5. The sensor device according to claim 1, comprising an elongated or channel-like sensor housing wherein in the ready-to-operate state said electrodes are configured to be at least partly exposed to said contaminated water.

6. The sensor device according to claim 1, wherein said electrodes and said trans-former are located in an interior of a sensor housing, an electrical connection provided for an electrical connection to an end projecting from a rear of said sensor housing of a common printed circuit board for said electrodes and said transformer.

7. The sensor device according to claim 6, wherein said sensor housing has a tubular shape with one end comprising a flattened area and apertures therein and on which are located said electrodes.

8. The sensor device according to claim 7, wherein said electrodes are sealed against said apertures.

9. The sensor device according to claim 6, wherein a bus connection is provided between said transformer and said electrical connection as an interface for activating or evaluating said sensors.

10. The sensor device according to claim 1, wherein an electrical connection is located that is configured to be outside water-contacting areas of said electrical appliance.

11. The sensor device according to claim 1, wherein on a common printed circuit board for said electrodes and said transformer, a microprocessor and its wiring is provided, wherein an electrical connection for said microprocessor is located outside a sensor housing of said sensor device.

12. The sensor device according to claim 1, wherein further sensors are provided on or in a sensor housing and are exposed to outside of said sensor housing.

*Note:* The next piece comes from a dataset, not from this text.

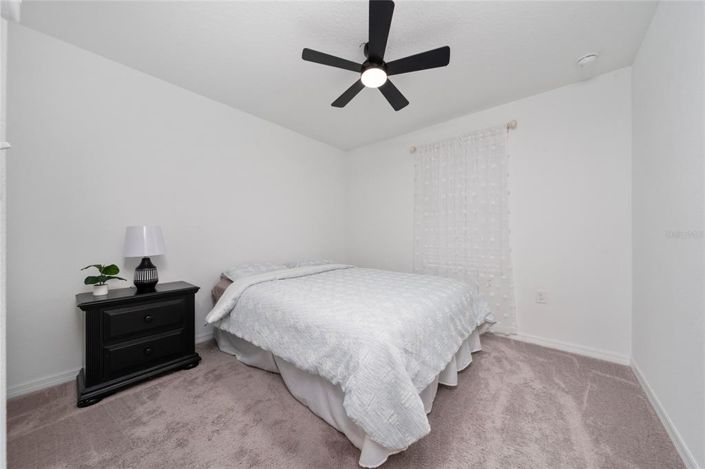 Image No.15-3 Bed Townhouse for sale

13. The sensor device according to claim 12, wherein one said further sensor at high frequencies of an activation means has a high-impedance and at low frequencies has a low-impedance.

14. The sensor device according to claim 12, wherein one of said further sensors gives rise to a damping to be evaluated on said activation means or said transformer.

15. The sensor device according to claim 12, wherein at least one said sensors has a frequency dependency for activation and one other said sensor is frequency-independent for separately measuring values of said other sensor.

16. The sensor device according to claim 12, wherein at least one of said sensors has a resonant frequency for an evaluation of said sensor, wherein said at least one of said sensors has a lower impedance than other frequencies in a remaining frequency range.

17. A method of operating a sensor device for an electrical appliance having a water duct with contaminated water, wherein said sensor device has a sensor carrier, said sensor carrier having two electrodes as sensors for said conductivity measurement, wherein said two electrodes are connected directly without further components or further coupling circuits to a transformer configured to be connected to a control unit, comprising the steps of:

activating said electrodes using a transformer with a plurality of high frequency pulses for measuring a damping of said high frequency pulses at said electrodes through a conductance of said water.